The High School of Art and Design is a career and technical education high school in Manhattan, New York City, New York State, United States. Founded in 1936 as the School of Industrial Art, the school moved to 1075 Second Avenue in 1960 and more recently, its Midtown Manhattan location on 56th Street, between Second and Third Avenues, in September 2012. High School of Art and Design is operated by the New York City Department of Education.

History
On November 2, 1936, four art teachers began what was to become the High School of Art and Design, the School of Industrial Art, in a former Manhattan elementary school at 257 West 40th Street, which for a time had housed a WPA Federal Theatre Project locale. Initially, they used orange crates and plywood to make storage and desks. One of the co-founders, John B. Kenny, became principal in 1941. The school soon moved to 211 East 79th Street on the Upper East Side, the site of the former annex to Benjamin Franklin High School. In September 1960, the School of Industrial Art changed its name to the High School of Art and Design and moved to 1075 Second Avenue in east Midtown.

The 1936 school was first envisioned as a continuation school, that is, a school where children who had left school and gotten jobs attended for half days to continue their education, normally including vocational classes relevant to their current or possible future jobs. However, it opened as a vocational high school,

On November 8, 2004, a rally was scheduled on the occasion of the school's 68th anniversary. This was to include a press conference at which increased support of the school would be urged. On November 8, 2006, the school celebrated its 70th anniversary. The office of the Mayor of New York City issued a proclamation making November 8 "High School of Art and Design Day".

Academics and events
Applicants must take an entrance exam and present a portfolio to be accepted.

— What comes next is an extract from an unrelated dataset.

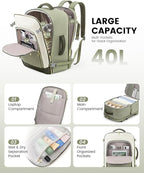 LOVEVOOK Large Travel Backpack for Women, TSA Carry on Backpack for Airplanes, 40L Personal Item Travel Bag for Women fits 17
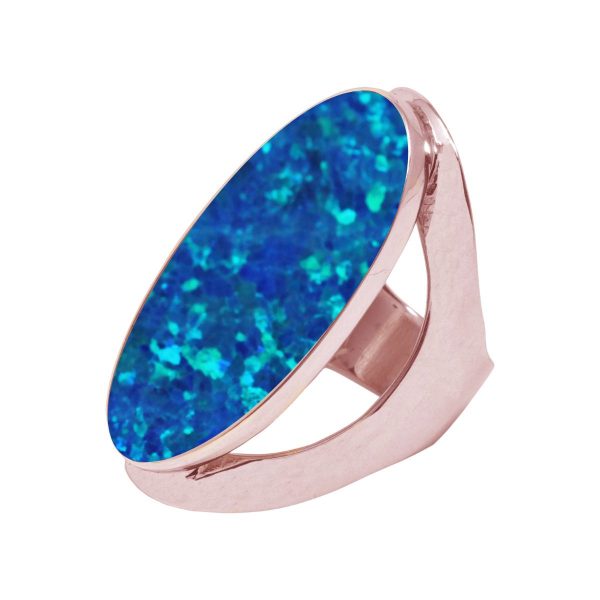 Rose Gold Opalite Cobalt Blue Large Oval Ring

Freshmen sample all art and design subjects before selecting a major for their sophomore, junior and senior years. Students at Art and Design receive two periods of art instruction per day, choosing from among eight art majors: cartooning, animation, architecture, graphic design, illustration, fashion, photography, and film/video.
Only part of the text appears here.